▶ **EXTRACTED INFORMATION**
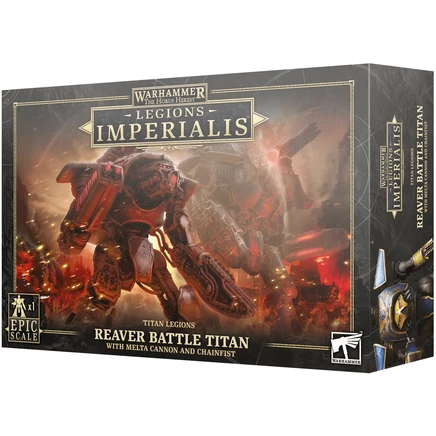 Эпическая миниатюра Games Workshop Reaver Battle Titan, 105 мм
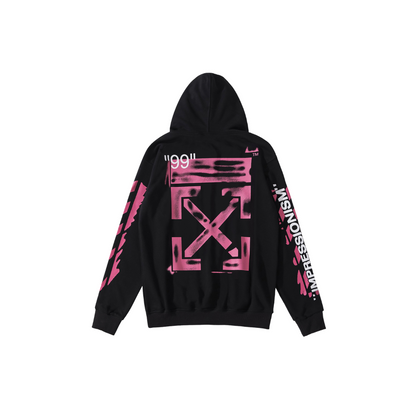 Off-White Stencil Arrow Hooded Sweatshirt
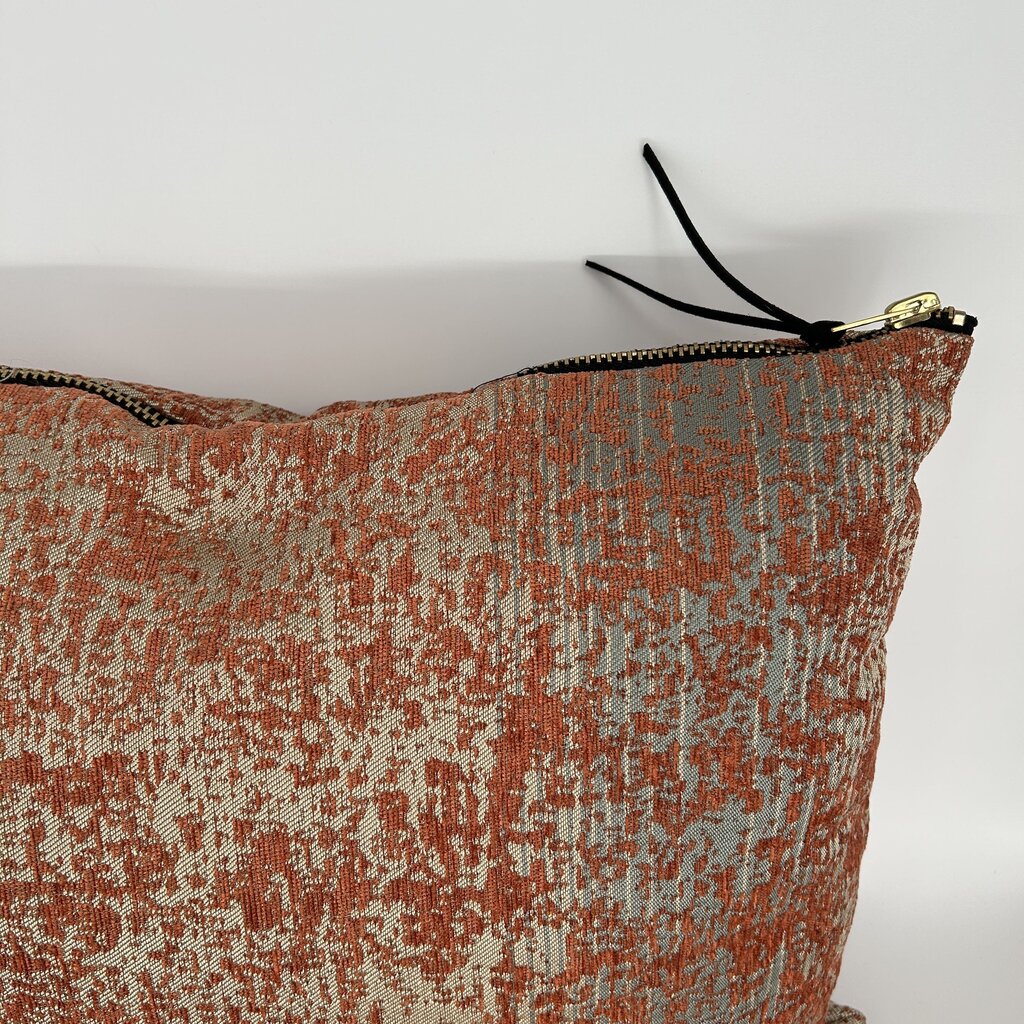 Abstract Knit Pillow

...

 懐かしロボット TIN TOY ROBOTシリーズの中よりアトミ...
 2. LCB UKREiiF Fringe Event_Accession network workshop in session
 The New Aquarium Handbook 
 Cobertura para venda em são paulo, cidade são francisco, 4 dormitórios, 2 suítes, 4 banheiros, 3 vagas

---

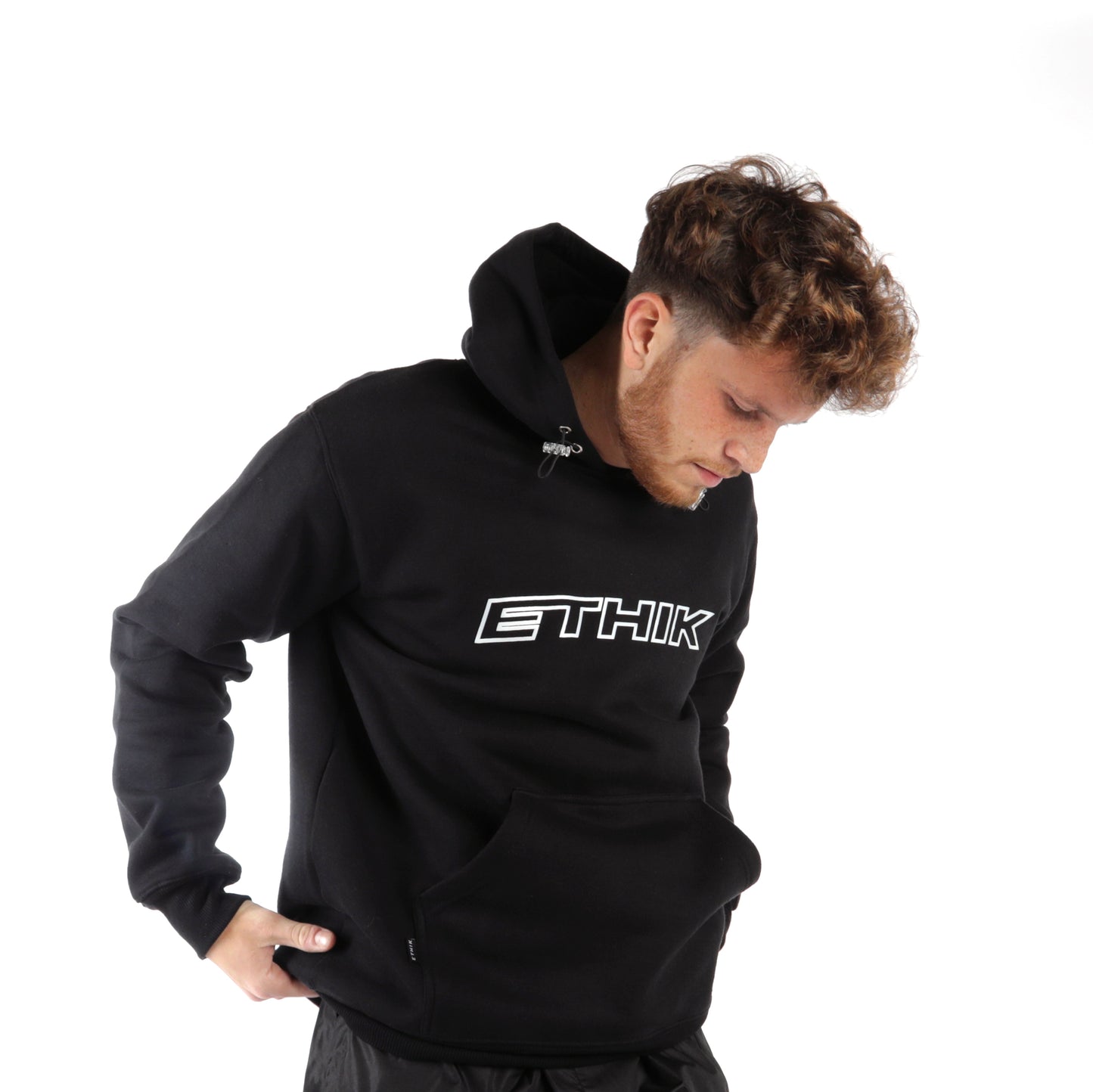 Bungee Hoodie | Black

▶ **PROMPT**
Transcribe, word for word, the stretch of lines in the data above from the one with "Эпическая миниатюра Games" through the one with "Abstract Knit Pillow"; omit all pictures.

▶ **PROBLEM SOLUTION**
 Эпическая миниатюра Games Workshop Reaver Battle Titan, 105 мм
 Off-White Stencil Arrow Hooded Sweatshirt
 Abstract Knit Pillow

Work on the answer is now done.